Your Senses Must Be Razor-Sharp

In order to write at a high level of competence you need a comprehensive vocabulary, a keen sense of overall structure, and an inner beat or cadence. Your senses must be razor-sharp. Alcohol blunts those senses even as it releases self-restraint. Therefore many writers feel they are getting down to the real story after a belt or two, little realizing they are damaging their ability to tell the real story.

RITA MAE BROWN

The Truth Is We Write for Love

Despite all the cynical things writers have said about writing for money, the truth is we write for love. That is why it is so easy to exploit us. That is also why we pretend to be hard-boiled, saying things like “No man but a blockhead ever wrote except for money” (Samuel Johnson). Not true. No one but a blockhead ever wrote except for love. . . . You must do it for love.

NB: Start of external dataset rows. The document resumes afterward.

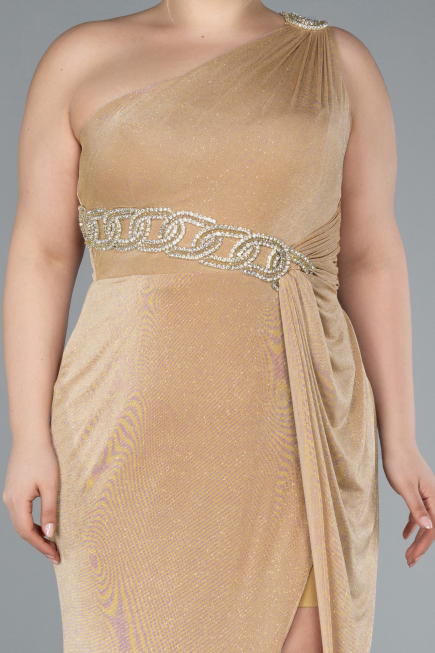 Gold One Shoulder Slit Glittered Long Plus Size Prom Dress ABU4601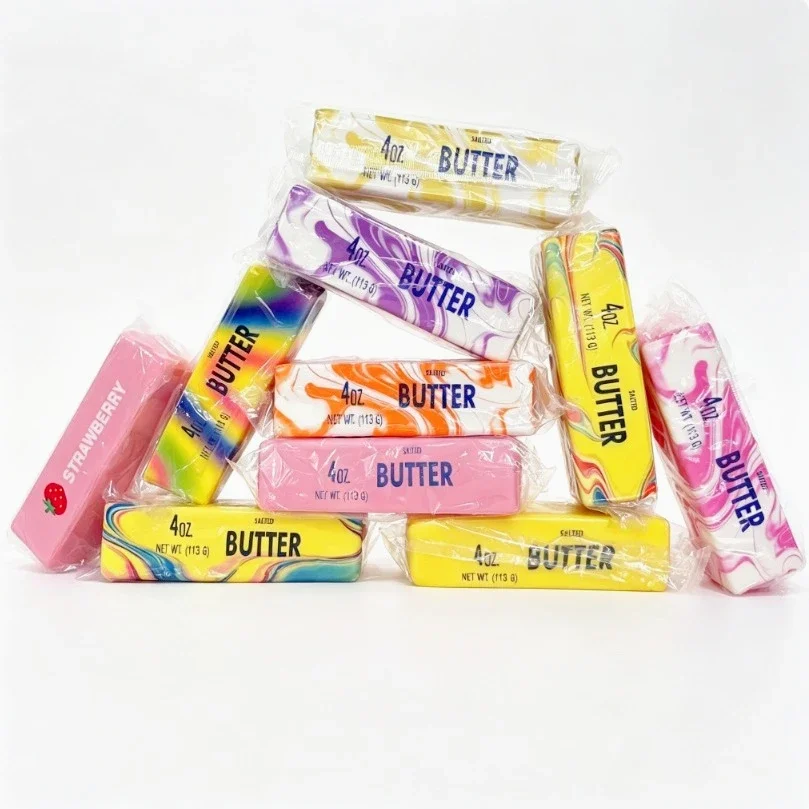 Quetschbares Elastisches Butterstab-Fidget-Spielzeug in Käseform, Stressabbau-Spiel, Lustiges Entspannungs- und Scherz-Squeeze-Spielzeug zur Angstlinderung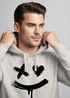 Hoodie Herren Bedruckt Techwear Fashion Streetstyle Smiling Face Smile Trend Print Aufdruck Neverless®preview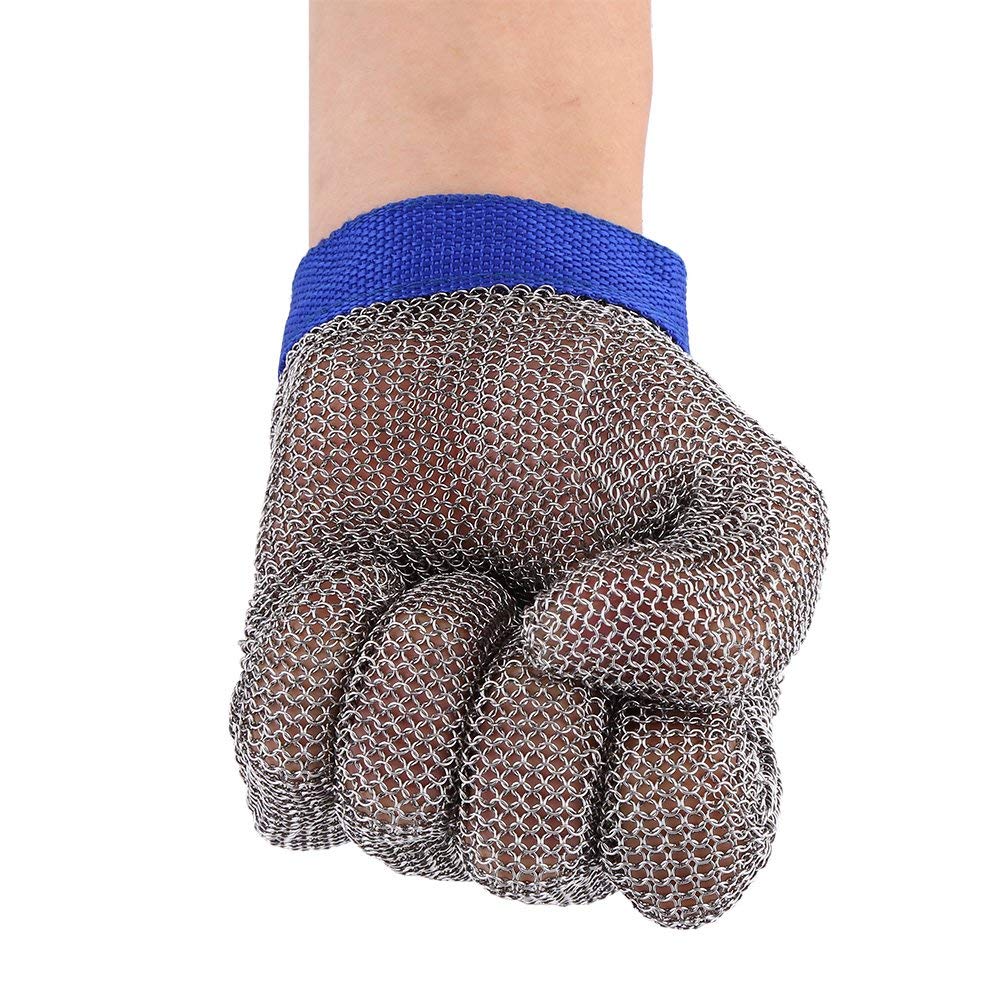 1pc de acero inoxidable 304 guante resistente a los cortes Guantes anti-corte guantes de carnicero para la protección de los guantes de seguridad/guantes de construcción, de gran tamaño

If you do it for money, no money will ever be enough, and eventually you will start imitating your first successes, straining hot water through the same old teabag. It doesn’t work with tea, and it doesn’t work with writing.

ERICA JONG

Our Power is Patience

Our power is patience. We have discovered that writing allows even a stupid person to seem halfway intelligent, if only that person will write the same thought over and over again, improving it just a little bit each time. It is a lot like inflating a blimp with a bicycle pump. Anybody can do it. All it takes is time.

KURT VONNEGUT

The Best Writing Advice

The best advice on writing I’ve ever received was from Dwight Macdonald: “Everything about the same subject in the same place.”

JAMES ATLAS

 

The best advice on writing I’ve ever received is, “Knock ‘em dead with that lead sentence.”

WHITNEY BALLIETT

 

The best advice on writing I’ve ever received was probably something Ted Solotaroff told me years ago when he was my editor. Going over a manuscript line by line again and again he kept reminding me, “Remember, this is your book, not my book. You’re the one who’s going to have to live with it the rest of your life. I might publish 30 or 40 books this year, you’re only going to publish one, and probably the only one you’re going to publish in two or three years.”

RUSSELL BANKS

 

The best advice on writing I’ve ever received was from William Zinsser: “Be grateful for every word you can cut.”

CHRISTOPHER BUCKLEY

 

Best writing advice I’ve ever received: Sell everything three times.

MARGARET CARLSON

 

Best advice I ever got was from the Romanian poet Nichita Stanescu, who told me in Bucharest, before I emigrated: "Learn English. French is dead."

ANDREI CODRESCU

 

The best advice on writing I’ve ever received: “Don’t have children.” I gave it to myself.

RICHARD FORD

 

The best advice on writing I’ve ever received is: Don’t answer the phone.

PATSY GARLAN

 

The best advice on writing I’ve ever received is to take it seriously, because to do it well is all-consuming.

DAVID GUTERSON

 

The best writing advice I’ve ever heard: Don't write like you went to college.

ALICE KAHN


The best advice on writing I’ve ever received was, “Rewrite it!” A lot of editors said that. They were all right. Writing is really rewriting--making the story better, clearer, truer.

ROBERT LIPSYTE

 

Best advice on writing I’ve ever received: Finish.

PETER MAYLE

 

The best advice on writing I’ve ever received is: “Write with authority.

CYNTHIA OZICK

 

I think the best advice on writing I've received was from John Steinbeck, who suggested that one way to get around writer's block (which I was suffering hideously at the time) was to pretend to be writing to an aunt, or a girl friend. I did this, writing to an actress friend I knew, Jean Seberg. The editors of Harpers forgot to take off the salutation and that's how the article begins in the magazine: Dear Jean....

GEORGE PLIMPTON

 

The best advice on writing I’ve ever received was given to me, like so much else, by Hubert Selby, Jr.: to learn and to know that writing is not an act of the self, except perhaps as exorcism; that, in writing what is worth being written, one serves, as vessel and voice, a power greater than vessel and voice.